BRIEF ::
Write out again, exactly, the lines of the listing below from the first one through the one that contains "Lululemon Reversible Cardigan", and no other lines.

INFORMATION ::
○ ○ ○ ○ ○

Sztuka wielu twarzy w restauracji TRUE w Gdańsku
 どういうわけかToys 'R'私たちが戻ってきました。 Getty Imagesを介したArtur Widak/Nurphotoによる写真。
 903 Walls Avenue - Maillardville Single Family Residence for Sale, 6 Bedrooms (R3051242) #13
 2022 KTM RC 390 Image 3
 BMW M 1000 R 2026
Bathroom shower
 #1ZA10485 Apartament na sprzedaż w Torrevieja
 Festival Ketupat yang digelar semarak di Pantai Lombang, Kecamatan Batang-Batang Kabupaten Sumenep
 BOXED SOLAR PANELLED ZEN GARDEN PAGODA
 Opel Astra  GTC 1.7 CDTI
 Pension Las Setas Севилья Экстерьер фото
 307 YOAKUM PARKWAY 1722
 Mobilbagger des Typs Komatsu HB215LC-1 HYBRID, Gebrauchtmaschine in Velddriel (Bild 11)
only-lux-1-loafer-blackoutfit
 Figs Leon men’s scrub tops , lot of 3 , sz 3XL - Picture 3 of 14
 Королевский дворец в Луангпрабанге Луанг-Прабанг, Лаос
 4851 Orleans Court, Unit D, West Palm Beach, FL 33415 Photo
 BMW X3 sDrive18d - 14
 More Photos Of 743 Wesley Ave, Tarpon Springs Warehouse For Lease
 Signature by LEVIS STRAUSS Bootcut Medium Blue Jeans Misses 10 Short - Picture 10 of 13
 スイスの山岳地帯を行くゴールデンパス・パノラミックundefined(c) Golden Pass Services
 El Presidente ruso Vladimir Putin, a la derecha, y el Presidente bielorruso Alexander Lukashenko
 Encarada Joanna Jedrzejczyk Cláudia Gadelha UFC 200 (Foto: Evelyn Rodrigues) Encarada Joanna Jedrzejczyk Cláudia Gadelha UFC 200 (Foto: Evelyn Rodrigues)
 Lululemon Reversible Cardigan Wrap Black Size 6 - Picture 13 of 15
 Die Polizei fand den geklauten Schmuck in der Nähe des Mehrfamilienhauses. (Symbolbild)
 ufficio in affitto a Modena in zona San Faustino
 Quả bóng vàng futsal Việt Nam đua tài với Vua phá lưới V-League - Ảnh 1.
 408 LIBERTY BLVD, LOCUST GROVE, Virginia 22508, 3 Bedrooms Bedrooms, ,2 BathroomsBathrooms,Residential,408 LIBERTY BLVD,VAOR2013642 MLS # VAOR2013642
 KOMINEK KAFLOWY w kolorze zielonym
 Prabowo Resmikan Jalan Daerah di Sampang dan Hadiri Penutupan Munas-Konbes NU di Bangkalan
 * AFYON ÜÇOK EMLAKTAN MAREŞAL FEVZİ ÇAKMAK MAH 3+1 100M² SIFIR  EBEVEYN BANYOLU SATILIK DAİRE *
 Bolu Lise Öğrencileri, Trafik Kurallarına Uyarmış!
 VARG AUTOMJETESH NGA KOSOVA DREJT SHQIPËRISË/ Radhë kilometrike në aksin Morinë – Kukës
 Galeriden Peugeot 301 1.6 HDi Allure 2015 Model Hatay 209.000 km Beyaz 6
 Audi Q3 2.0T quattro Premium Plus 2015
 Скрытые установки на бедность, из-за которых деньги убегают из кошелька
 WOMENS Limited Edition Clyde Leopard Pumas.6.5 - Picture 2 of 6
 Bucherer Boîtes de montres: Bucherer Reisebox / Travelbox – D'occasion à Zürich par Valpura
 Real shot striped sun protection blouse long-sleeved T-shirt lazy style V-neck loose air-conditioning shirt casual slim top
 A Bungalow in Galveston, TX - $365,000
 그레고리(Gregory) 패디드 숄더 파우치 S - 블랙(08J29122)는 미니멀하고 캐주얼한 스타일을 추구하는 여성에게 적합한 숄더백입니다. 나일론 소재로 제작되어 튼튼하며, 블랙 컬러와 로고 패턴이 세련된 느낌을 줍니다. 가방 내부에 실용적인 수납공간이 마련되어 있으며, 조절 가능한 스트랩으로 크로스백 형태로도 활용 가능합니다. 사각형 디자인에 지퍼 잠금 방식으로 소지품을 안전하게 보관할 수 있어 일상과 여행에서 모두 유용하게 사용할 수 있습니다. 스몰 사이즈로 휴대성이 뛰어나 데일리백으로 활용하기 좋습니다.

○ ○ ○ ○ ○

EXERCISE RESULT ::
Sztuka wielu twarzy w restauracji TRUE w Gdańsku
 どういうわけかToys 'R'私たちが戻ってきました。 Getty Imagesを介したArtur Widak/Nurphotoによる写真。
 903 Walls Avenue - Maillardville Single Family Residence for Sale, 6 Bedrooms (R3051242) #13
 2022 KTM RC 390 Image 3
 BMW M 1000 R 2026
Bathroom shower
 #1ZA10485 Apartament na sprzedaż w Torrevieja
 Festival Ketupat yang digelar semarak di Pantai Lombang, Kecamatan Batang-Batang Kabupaten Sumenep
 BOXED SOLAR PANELLED ZEN GARDEN PAGODA
 Opel Astra  GTC 1.7 CDTI
 Pension Las Setas Севилья Экстерьер фото
 307 YOAKUM PARKWAY 1722
 Mobilbagger des Typs Komatsu HB215LC-1 HYBRID, Gebrauchtmaschine in Velddriel (Bild 11)
only-lux-1-loafer-blackoutfit
 Figs Leon men’s scrub tops , lot of 3 , sz 3XL - Picture 3 of 14
 Королевский дворец в Луангпрабанге Луанг-Прабанг, Лаос
 4851 Orleans Court, Unit D, West Palm Beach, FL 33415 Photo
 BMW X3 sDrive18d - 14
 More Photos Of 743 Wesley Ave, Tarpon Springs Warehouse For Lease
 Signature by LEVIS STRAUSS Bootcut Medium Blue Jeans Misses 10 Short - Picture 10 of 13
 スイスの山岳地帯を行くゴールデンパス・パノラミックundefined(c) Golden Pass Services
 El Presidente ruso Vladimir Putin, a la derecha, y el Presidente bielorruso Alexander Lukashenko
 Encarada Joanna Jedrzejczyk Cláudia Gadelha UFC 200 (Foto: Evelyn Rodrigues) Encarada Joanna Jedrzejczyk Cláudia Gadelha UFC 200 (Foto: Evelyn Rodrigues)
 Lululemon Reversible Cardigan Wrap Black Size 6 - Picture 13 of 15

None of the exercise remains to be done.